Copy exactly the lines of the data below that run from the line holding "Tecnico by Sforzin" through the line holding "Yellow spiky pet", both ends included.

■ **Extracted data**
━━━

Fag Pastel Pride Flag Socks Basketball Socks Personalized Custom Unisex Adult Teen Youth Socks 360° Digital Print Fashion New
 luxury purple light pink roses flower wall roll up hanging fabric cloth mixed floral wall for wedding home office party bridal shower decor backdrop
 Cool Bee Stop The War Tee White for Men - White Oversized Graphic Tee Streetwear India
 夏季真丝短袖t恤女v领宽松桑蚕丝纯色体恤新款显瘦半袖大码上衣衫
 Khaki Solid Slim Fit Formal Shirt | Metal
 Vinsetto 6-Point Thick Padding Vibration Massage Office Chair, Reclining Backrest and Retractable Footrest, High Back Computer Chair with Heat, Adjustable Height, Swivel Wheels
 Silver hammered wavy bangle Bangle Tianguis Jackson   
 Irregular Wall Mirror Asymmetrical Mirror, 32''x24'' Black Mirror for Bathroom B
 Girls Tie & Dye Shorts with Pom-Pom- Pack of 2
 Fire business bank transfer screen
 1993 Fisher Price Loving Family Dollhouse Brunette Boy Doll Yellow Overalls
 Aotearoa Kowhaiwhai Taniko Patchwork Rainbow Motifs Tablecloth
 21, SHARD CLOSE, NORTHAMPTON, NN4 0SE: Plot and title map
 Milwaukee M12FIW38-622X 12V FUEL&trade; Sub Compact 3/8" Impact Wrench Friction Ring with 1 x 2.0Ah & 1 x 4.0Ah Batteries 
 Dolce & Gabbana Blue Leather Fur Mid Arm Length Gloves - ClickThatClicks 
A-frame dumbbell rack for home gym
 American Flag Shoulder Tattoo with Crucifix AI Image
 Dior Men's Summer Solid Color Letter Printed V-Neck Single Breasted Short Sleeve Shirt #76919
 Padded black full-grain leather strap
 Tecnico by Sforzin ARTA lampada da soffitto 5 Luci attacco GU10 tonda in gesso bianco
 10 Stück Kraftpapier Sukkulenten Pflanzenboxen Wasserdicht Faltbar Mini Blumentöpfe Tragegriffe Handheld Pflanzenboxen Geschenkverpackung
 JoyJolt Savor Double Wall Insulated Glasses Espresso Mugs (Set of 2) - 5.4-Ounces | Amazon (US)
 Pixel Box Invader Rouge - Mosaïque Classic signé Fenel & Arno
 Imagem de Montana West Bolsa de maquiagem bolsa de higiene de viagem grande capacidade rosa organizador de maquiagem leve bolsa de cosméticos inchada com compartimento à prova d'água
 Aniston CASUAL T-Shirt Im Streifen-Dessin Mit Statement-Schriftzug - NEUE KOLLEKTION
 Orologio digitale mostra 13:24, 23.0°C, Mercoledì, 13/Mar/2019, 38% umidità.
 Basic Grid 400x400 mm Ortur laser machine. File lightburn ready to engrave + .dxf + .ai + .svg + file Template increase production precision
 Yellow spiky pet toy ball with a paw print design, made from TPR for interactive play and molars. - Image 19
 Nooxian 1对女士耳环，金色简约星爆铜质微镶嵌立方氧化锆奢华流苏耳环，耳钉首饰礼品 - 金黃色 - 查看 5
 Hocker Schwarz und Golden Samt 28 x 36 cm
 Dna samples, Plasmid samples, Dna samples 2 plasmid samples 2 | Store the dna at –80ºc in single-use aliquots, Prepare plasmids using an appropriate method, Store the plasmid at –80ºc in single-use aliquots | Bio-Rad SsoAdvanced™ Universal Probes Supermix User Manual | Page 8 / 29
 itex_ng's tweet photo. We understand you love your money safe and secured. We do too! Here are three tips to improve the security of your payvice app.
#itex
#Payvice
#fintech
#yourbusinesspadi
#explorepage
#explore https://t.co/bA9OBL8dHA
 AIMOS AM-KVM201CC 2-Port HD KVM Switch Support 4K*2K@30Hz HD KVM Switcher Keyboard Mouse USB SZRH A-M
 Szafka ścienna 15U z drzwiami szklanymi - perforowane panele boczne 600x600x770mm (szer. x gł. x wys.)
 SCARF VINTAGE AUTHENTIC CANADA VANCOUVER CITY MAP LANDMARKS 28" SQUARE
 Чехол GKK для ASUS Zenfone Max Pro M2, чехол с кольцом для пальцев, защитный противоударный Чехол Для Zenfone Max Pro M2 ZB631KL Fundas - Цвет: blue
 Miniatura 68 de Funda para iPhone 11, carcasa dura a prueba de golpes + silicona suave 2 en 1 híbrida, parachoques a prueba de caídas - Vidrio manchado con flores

━━━

■ **Task output**
 Tecnico by Sforzin ARTA lampada da soffitto 5 Luci attacco GU10 tonda in gesso bianco
 10 Stück Kraftpapier Sukkulenten Pflanzenboxen Wasserdicht Faltbar Mini Blumentöpfe Tragegriffe Handheld Pflanzenboxen Geschenkverpackung
 JoyJolt Savor Double Wall Insulated Glasses Espresso Mugs (Set of 2) - 5.4-Ounces | Amazon (US)
 Pixel Box Invader Rouge - Mosaïque Classic signé Fenel & Arno
 Imagem de Montana West Bolsa de maquiagem bolsa de higiene de viagem grande capacidade rosa organizador de maquiagem leve bolsa de cosméticos inchada com compartimento à prova d'água
 Aniston CASUAL T-Shirt Im Streifen-Dessin Mit Statement-Schriftzug - NEUE KOLLEKTION
 Orologio digitale mostra 13:24, 23.0°C, Mercoledì, 13/Mar/2019, 38% umidità.
 Basic Grid 400x400 mm Ortur laser machine. File lightburn ready to engrave + .dxf + .ai + .svg + file Template increase production precision
 Yellow spiky pet toy ball with a paw print design, made from TPR for interactive play and molars. - Image 19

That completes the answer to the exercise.